The example you've used (invoices) is actually quite instructive for demonstrating the benefits of a "document store." An invoice, historically, was a literal printed piece of paper. Invoices are actually really annoying to implement in an RDBMS because of so-called "referential integrity" -- an invoice should be a "snapshot in time" of everything that happened when the order was processed, so ideally, when a user views their invoices from the past 2 years, they look the same every time.

Except, oops, your user got married and moved, now your precious "referential integrity" means jack because the generated invoice is flat-out wrong. Product removed from the store? Too bad, needs to stay in the database forever for historical purposes. Prices need to change? Better design the database to handle snapshots of every product state.

If you were implementing this in MongoDB, you'd probably store a UUID and the flattened data at the time of invoice generation, that way you can still query on ids AND not deal with the headache of having a combinatorial explosion of data in your RDBMS.

You would solve this in a RDBMS the same way: de-normalize when you're saving the invoice (example: a line items table with snap shot of current item price, description, etc.)
Yes, which suggests that the "serious problems" mentioned by the grandparent aren't serious (or problems) at all.
In Postgres, you'd simply have a table with a JSON column for the snapshot-in-type contract.

You can then select fields from that JSON for invoices, reports, etc with the arrow operator:

https://www.postgresql.org/docs/9.6/static/functions-json.ht...

With SQL you can denormalize all that (and should) to create that snapshot. But with NoSQL you can't normalize and get back a way to quickly query the number of products sold per month over the last 5 years.
Yes, this is possible with Aggregation and MapReduce: https://docs.mongodb.com/manual/aggregation/
For relative values of "quickly".
Instead of nebulous terms like NoSQL you should instead just look at the damn features because these concepts are orthogonal. MongoDB has transaction isolation on the document level instead of the database level. If you can store everything in a single document then it doesn't matter. If you can't then use a database that supports database level transactions. It doesn't matter if it's a NoSQL or RDBMS database.

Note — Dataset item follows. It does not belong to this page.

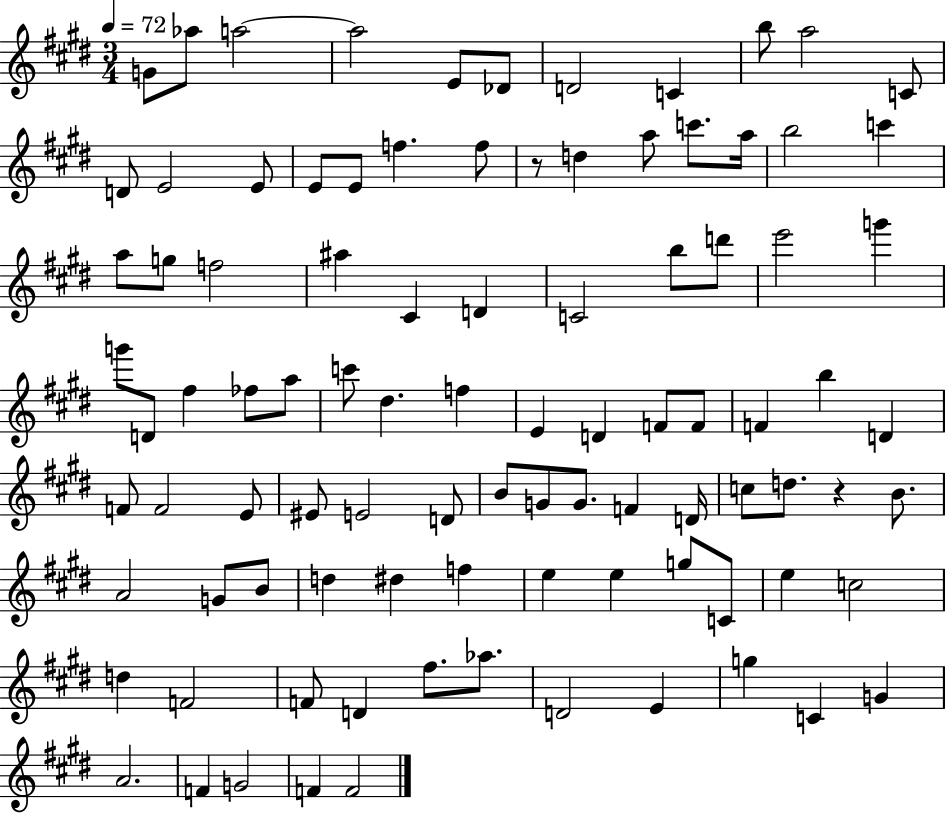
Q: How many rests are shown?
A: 2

I feel a lot of people know that typical nosql databases (without database level transactions) are not suitable for their problem but they don't know why and then just think NoSQL is always bad and RDBMS are always better because the NoSQL databases are intended to be used for different problems.

Not the original commentor, but there are some valid cases for NoSQL: some people use it for storing massive amounts of web crawling data. But the thing here is that it's throw-away'ish, and in that case it's often not worth it to add structure (even though there pretty much is structure in everythig you look at long enough).

But I do think having any data consisting of, say, items, orders, users, payment in MongoDB is very much a bad idea. Been there.